Yesterday I ran across an amusing blog post from research scientist Janelle Shane who, just for the hell of it, has been “training this neural network to generate cookbook recipes by letting it look at tens of thousands of existing recipes.”
The recipes are pretty odd, as are the names the software picks for them, especially when Shane cranks up the “creativity” variable.
Here are a few that grabbed my attention:
- Cream Of Sour Cream Cheese Soup
- Artichoke Gelatin Dogs
- Crockpot Cold Water
- Chocolate Chocolate Chocolate Cake
Also yesterday, I ran across a horrifying post in the Incels subreddit in which the regulars attempted to come up with new pejorative terms for women.
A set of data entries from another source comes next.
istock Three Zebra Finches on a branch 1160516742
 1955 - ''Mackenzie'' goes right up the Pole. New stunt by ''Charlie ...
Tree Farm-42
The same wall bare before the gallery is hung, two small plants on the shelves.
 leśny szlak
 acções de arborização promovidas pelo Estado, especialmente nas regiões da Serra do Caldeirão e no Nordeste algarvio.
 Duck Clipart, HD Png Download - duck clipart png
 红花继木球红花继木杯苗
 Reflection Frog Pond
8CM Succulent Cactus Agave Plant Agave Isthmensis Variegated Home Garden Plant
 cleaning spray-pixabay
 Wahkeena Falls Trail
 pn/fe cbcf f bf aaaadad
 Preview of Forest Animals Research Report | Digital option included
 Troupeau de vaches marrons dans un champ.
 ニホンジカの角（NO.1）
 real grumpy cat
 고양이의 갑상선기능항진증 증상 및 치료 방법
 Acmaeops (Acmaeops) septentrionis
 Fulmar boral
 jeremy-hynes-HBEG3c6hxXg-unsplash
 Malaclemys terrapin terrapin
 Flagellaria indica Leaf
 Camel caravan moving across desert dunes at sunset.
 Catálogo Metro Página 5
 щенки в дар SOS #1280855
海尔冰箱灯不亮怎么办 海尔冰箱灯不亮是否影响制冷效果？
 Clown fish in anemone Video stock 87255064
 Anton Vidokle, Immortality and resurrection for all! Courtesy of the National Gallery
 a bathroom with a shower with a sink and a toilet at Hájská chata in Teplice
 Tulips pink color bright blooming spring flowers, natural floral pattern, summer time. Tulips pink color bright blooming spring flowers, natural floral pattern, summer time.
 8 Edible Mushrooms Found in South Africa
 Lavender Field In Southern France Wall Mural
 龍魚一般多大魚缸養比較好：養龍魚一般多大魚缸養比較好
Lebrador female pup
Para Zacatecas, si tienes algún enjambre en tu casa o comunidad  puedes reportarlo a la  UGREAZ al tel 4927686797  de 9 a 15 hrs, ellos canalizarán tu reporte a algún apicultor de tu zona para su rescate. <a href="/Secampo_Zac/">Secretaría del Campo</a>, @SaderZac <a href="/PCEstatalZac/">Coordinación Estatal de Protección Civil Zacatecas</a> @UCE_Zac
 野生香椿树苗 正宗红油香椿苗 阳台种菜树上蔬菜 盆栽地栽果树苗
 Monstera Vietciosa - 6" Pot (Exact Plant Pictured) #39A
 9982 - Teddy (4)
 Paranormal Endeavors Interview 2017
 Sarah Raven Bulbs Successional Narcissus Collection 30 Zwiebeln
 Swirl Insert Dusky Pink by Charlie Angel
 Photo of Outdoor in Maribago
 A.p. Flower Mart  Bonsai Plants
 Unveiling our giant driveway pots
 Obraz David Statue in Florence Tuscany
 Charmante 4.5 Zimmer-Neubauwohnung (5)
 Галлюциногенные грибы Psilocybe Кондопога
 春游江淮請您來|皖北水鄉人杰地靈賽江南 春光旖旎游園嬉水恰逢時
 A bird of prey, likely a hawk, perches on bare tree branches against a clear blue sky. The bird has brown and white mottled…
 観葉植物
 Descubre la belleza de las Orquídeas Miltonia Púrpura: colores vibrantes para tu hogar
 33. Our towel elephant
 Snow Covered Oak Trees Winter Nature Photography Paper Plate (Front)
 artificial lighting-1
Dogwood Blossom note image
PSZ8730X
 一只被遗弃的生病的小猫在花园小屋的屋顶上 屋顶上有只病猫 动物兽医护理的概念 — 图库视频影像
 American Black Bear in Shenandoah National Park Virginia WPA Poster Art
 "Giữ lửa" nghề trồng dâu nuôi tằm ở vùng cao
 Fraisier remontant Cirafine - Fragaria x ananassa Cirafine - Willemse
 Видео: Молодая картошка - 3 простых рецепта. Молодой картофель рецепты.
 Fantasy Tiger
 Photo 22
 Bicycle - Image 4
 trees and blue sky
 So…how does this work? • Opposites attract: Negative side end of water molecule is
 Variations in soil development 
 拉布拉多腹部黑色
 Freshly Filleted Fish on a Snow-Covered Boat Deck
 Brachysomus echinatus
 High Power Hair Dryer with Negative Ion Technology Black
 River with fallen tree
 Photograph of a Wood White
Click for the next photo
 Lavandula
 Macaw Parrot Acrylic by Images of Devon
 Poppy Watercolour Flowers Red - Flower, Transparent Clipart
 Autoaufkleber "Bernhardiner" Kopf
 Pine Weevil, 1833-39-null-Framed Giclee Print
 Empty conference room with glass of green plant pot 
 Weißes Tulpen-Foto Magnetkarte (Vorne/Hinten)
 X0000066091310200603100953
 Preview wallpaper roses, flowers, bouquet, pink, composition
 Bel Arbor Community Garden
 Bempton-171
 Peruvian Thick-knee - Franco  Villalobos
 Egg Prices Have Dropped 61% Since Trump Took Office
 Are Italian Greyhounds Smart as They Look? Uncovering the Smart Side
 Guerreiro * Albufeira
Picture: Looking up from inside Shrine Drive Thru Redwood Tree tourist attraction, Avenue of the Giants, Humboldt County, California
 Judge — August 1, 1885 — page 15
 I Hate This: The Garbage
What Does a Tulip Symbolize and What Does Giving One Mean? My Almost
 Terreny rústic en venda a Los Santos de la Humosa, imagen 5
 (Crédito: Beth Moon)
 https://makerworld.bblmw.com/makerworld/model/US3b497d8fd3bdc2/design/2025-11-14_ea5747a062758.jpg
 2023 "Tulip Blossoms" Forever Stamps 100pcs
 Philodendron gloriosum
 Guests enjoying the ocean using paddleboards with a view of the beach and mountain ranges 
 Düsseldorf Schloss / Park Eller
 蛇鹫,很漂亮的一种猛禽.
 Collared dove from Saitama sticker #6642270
Oddly, many of the suggestions that weren’t completely obscene (“sperm garage”) or creepy (“future sex cadavers”) or just plain awkward (“the annoying, dumb, inferior pieces of flesh around the vagina that don’t invent or discover things”) ended up sounding, well, a bit like Shane’s computer-generated recipe titles.
So here’s a little quiz of sorts. I’ve mingled recipe titles from Shane’s neural-network experiment with anti-woman slurs from the Incels subreddit post. See if you can tell which are which!
- Cheese Hog
- Whole Chicken Cookies
- Sausage Jockey
- Meat Pockets
- Salmon Beef Style Chicken Bottom
- Completely Meat Circle
- Squeal Pig
- Bunny Boiler
- Cabbage Pot Cookies
In case you’re wondering, the neural-network-generated recipes will not actually produce anything resembling real food. The recipe for Greased Casserole with Slices of Lemon Juice, for example, requires a weird assortment of ingredients, including “1 cup cold boiled frosting,” “2 sprigs of bread,” and “1 sour and large fish.”
The instructions can be similarly baffling. One early recipe demanded that human chefs “bake until juice” and “sprinkle over skin greased with a boiling bowl.”
Things got even weirder when Shane plugged recipes into a neural network trained on H.P. Lovecraft, resulting in instructions like this:
Whip ½ pint of heavy cream. Add 4 Tbsp. brandy or rum to possibly open things that will never be wholly reported.
In a later experiment, she flipped the script, entering “phrases from Lovecraftian horror [into] an innocent neural network trained on 30MB of cookbook recipes,” which resulted in this almost perfect sentence:
Everything seemed to me tainted with a loathsome contagion, and inspired by a noxious alliance with the steamed chicken.
In conclusion, neural networks are fun. Certainly a lot more fun than incels.
ANSWERS: The computer-generated recipe titles are Whole Chicken Cookies, Salmon Beef Style Chicken Bottom, Completely Meat Circle, and Cabbage Pot Cookies. The rest are slurs for women.